All pictures are to be omitted while the lines starting at the line with "Hello! Welcome to" and ending at the line with "The second option" in the material below are retyped exactly, both ends included.

> [GIVEN DATA]
——————————

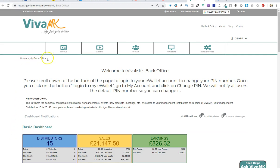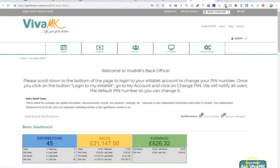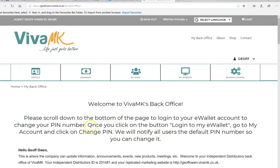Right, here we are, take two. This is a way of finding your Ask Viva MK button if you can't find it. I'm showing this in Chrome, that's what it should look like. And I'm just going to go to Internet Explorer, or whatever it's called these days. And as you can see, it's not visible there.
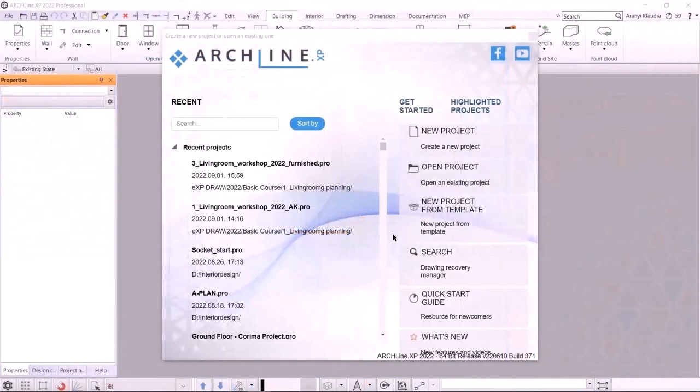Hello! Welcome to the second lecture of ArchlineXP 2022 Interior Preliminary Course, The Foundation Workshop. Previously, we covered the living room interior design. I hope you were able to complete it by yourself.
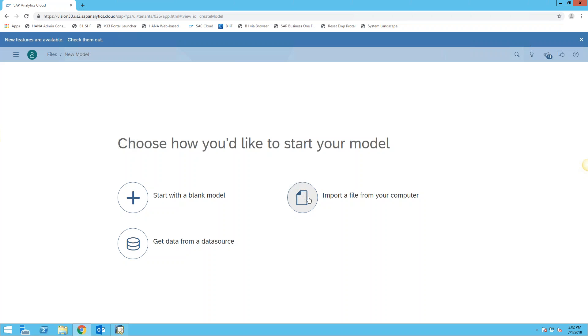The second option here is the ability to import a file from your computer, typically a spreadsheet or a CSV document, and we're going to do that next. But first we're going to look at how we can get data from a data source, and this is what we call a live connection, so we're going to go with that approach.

——————————

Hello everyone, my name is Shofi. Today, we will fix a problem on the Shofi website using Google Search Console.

——————————

> [WRITTEN RESPONSE]
Hello! Welcome to the second lecture of ArchlineXP 2022 Interior Preliminary Course, The Foundation Workshop. Previously, we covered the living room interior design. I hope you were able to complete it by yourself.
The second option here is the ability to import a file from your computer, typically a spreadsheet or a CSV document, and we're going to do that next. But first we're going to look at how we can get data from a data source, and this is what we call a live connection, so we're going to go with that approach.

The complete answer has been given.